• Data shown:

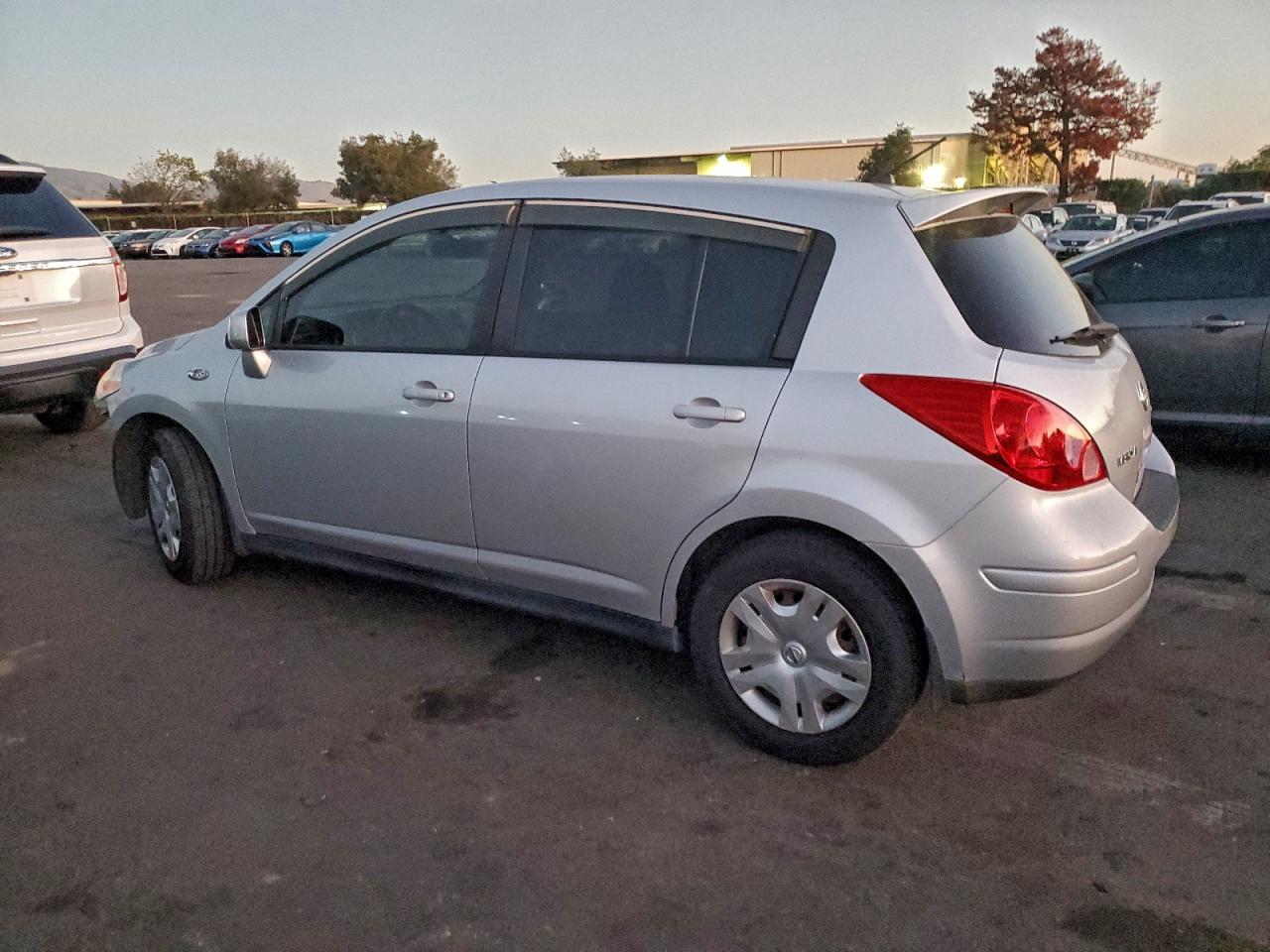 NISSAN VERSA S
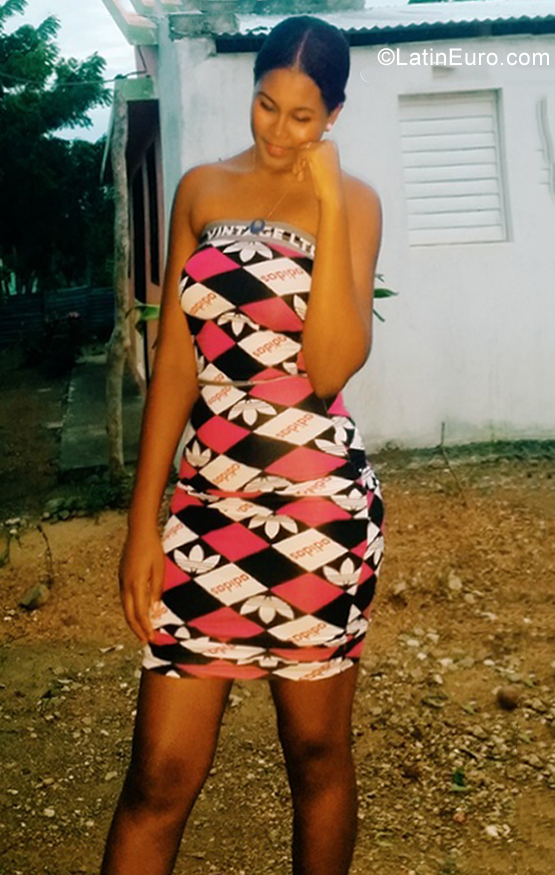 Date this funny Dominican Republic girl Glenny from San Juan DO39278
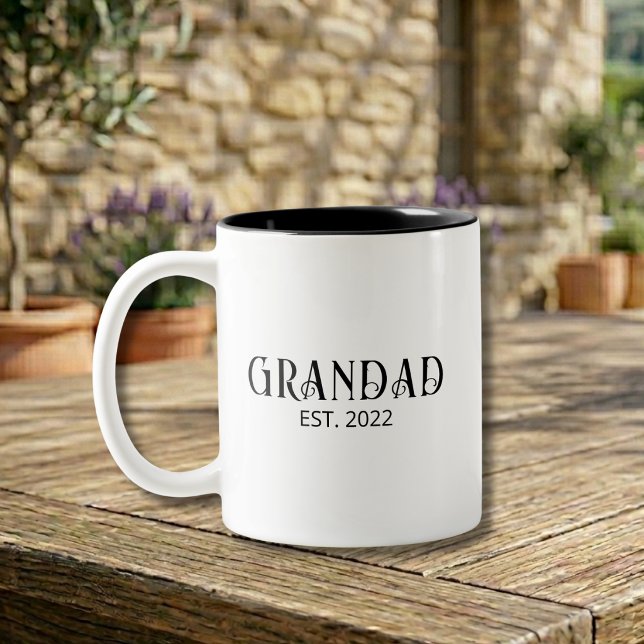 Moderner Opa etabliert schwarzes Skript  Zweifarbige Tasse (Von Creator hochgeladen)
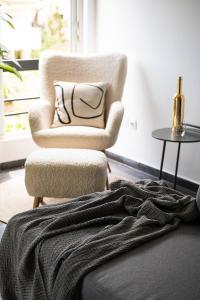 Predel za sedenje v nastanitvi Glyfada First Class Suite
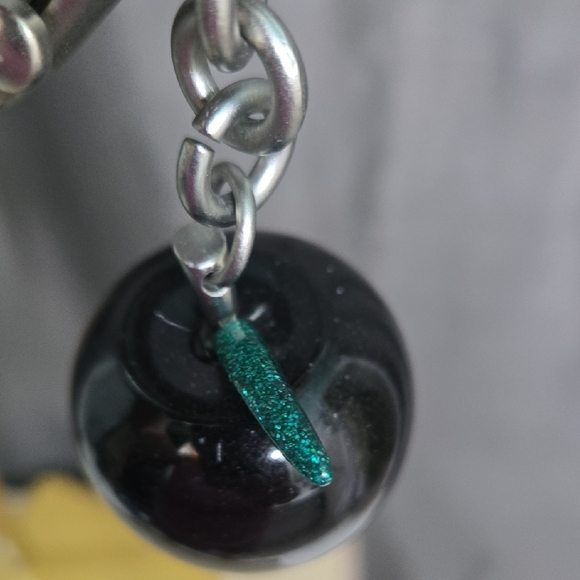 Black Apple Key Holder Bag Charm - Picture 6 of 7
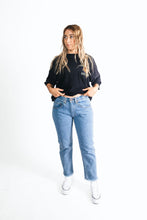 Load image into Gallery viewer, VTG LEVIS – SIZE 30 #SD14
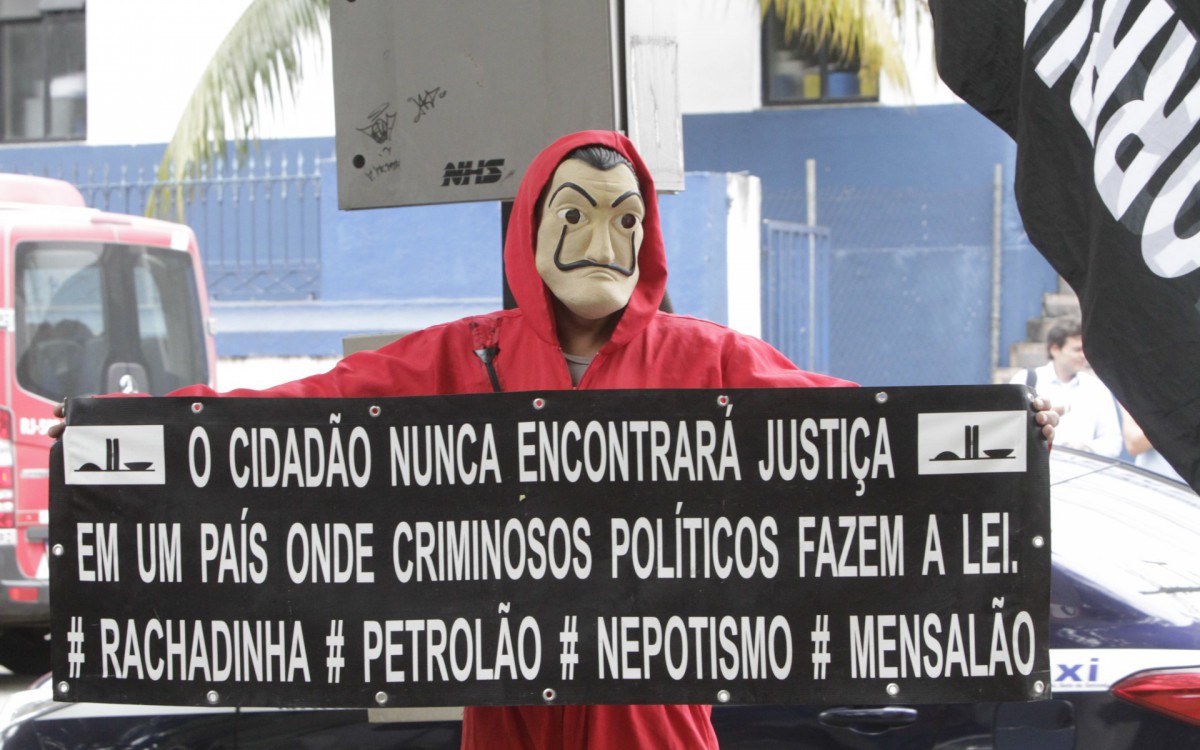 Protesto na porta do Bepe 3 nesta segunda-feira(19). - Cleber Mendes/Ag&ecirc;ncia O Dia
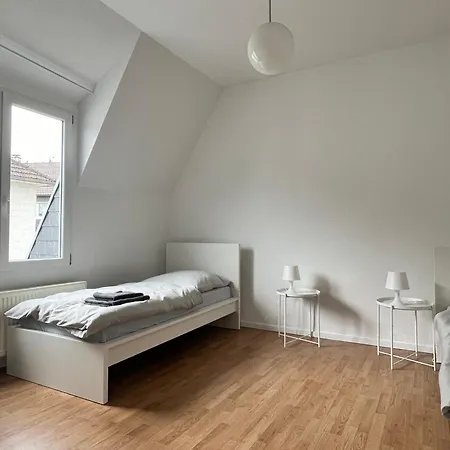 Firmenquartier24 Im Dg In Apartment *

• Work to be completed: Only one thing is required: an exact printout of the lines from the line containing "Date this funny" through the last line of the records, pictures excluded.

• Answer section:
 Date this funny Dominican Republic girl Glenny from San Juan DO39278
 Moderner Opa etabliert schwarzes Skript  Zweifarbige Tasse (Von Creator hochgeladen)
 Predel za sedenje v nastanitvi Glyfada First Class Suite
 Black Apple Key Holder Bag Charm - Picture 6 of 7
 Load image into Gallery viewer, VTG LEVIS – SIZE 30 #SD14
 Protesto na porta do Bepe 3 nesta segunda-feira(19). - Cleber Mendes/Ag&ecirc;ncia O Dia
 Firmenquartier24 Im Dg In Apartment *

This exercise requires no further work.